Repeat each record below exactly, omitting whatever pictures appear in it.

### Exercise data

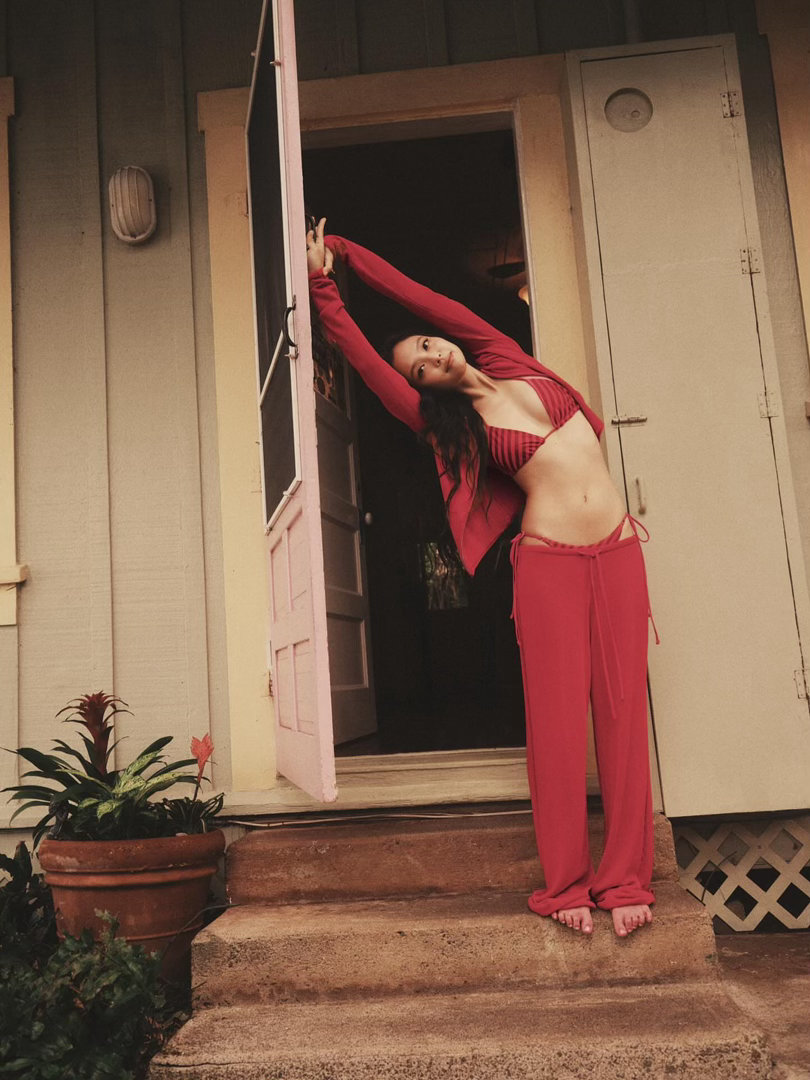 Jennie比基尼大片JENNIE x Frankies，很美很性感！ 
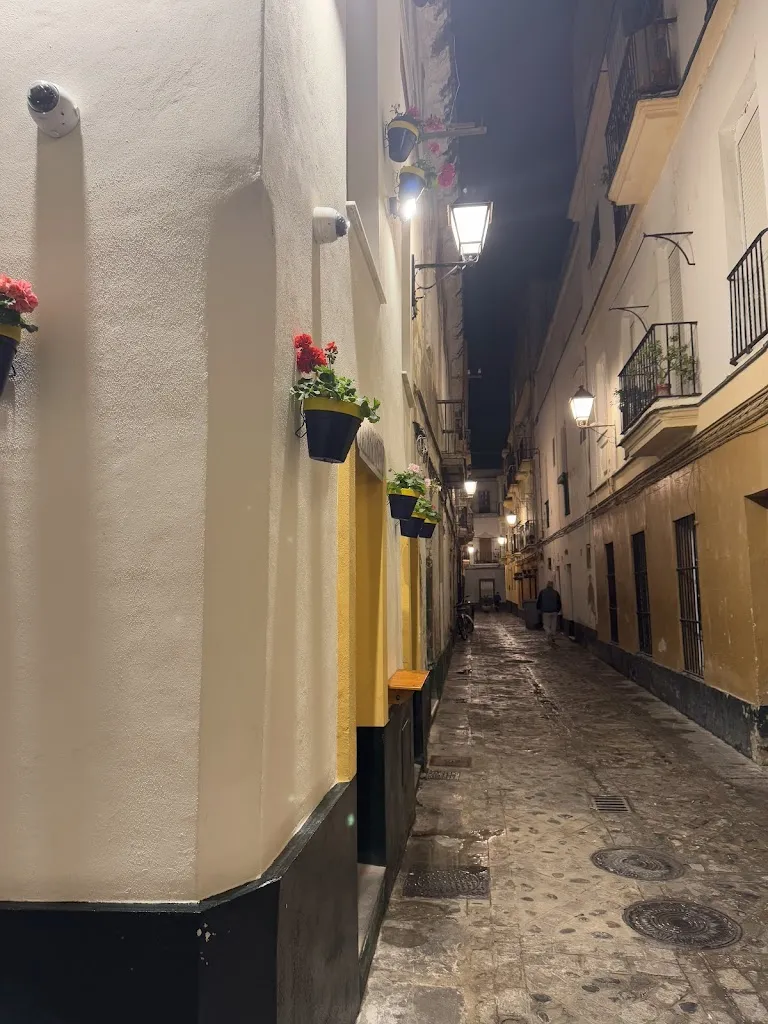 Taberna El tío de La Tiza_Cadiz_slider_image_1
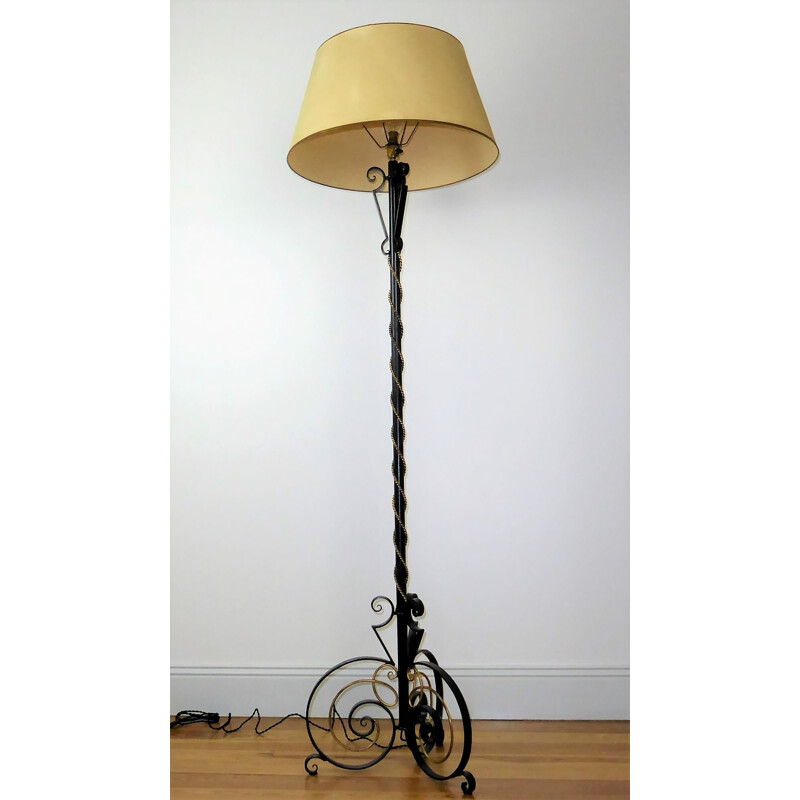 Mid century floor lamp in lacquered with golden metal details - 1950s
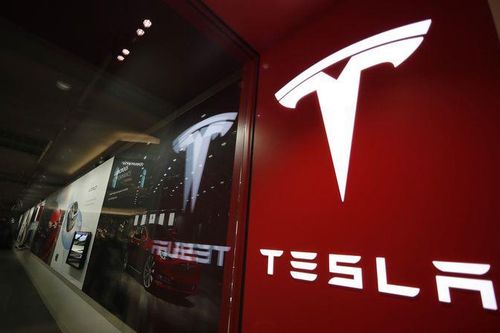 Tập đoàn Tesla đối mặt với khủng hoảng nhân sự cấp cao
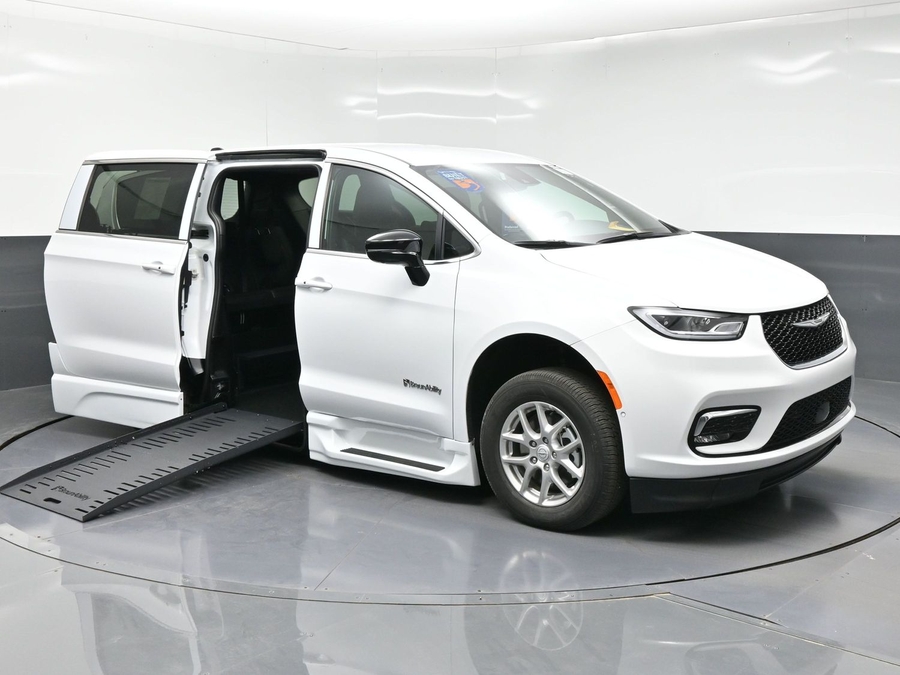 White Chrysler Pacifica image number 8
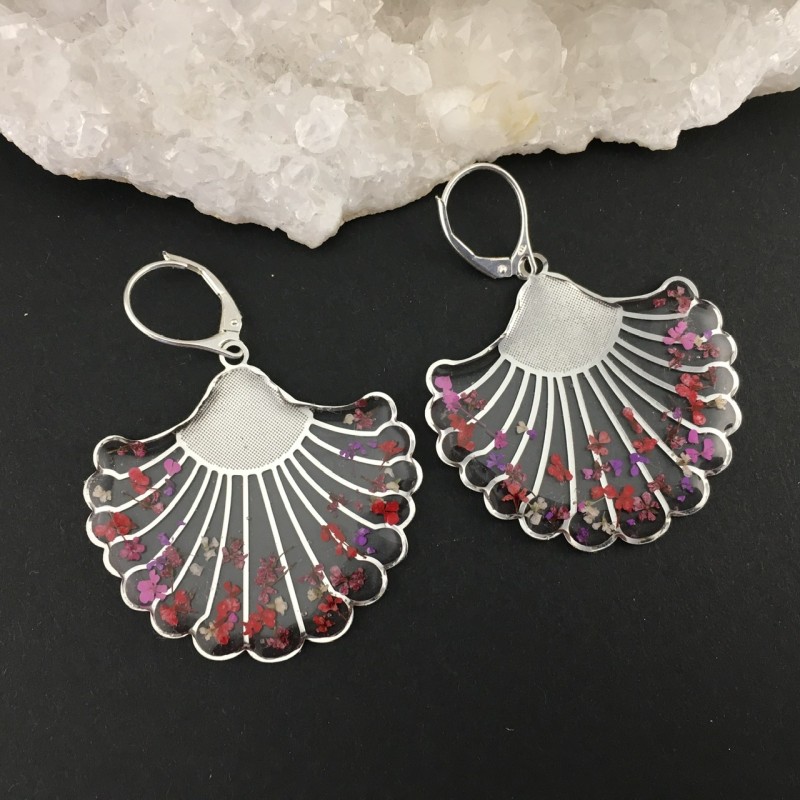 Boucles d\'oreilles « Zoé » fleuries argentées Beads Of Bliss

######

Answer for this exercise:
 Jennie比基尼大片JENNIE x Frankies，很美很性感！ 
 Taberna El tío de La Tiza_Cadiz_slider_image_1
 Mid century floor lamp in lacquered with golden metal details - 1950s
 Tập đoàn Tesla đối mặt với khủng hoảng nhân sự cấp cao
 White Chrysler Pacifica image number 8
 Boucles d\'oreilles « Zoé » fleuries argentées Beads Of Bliss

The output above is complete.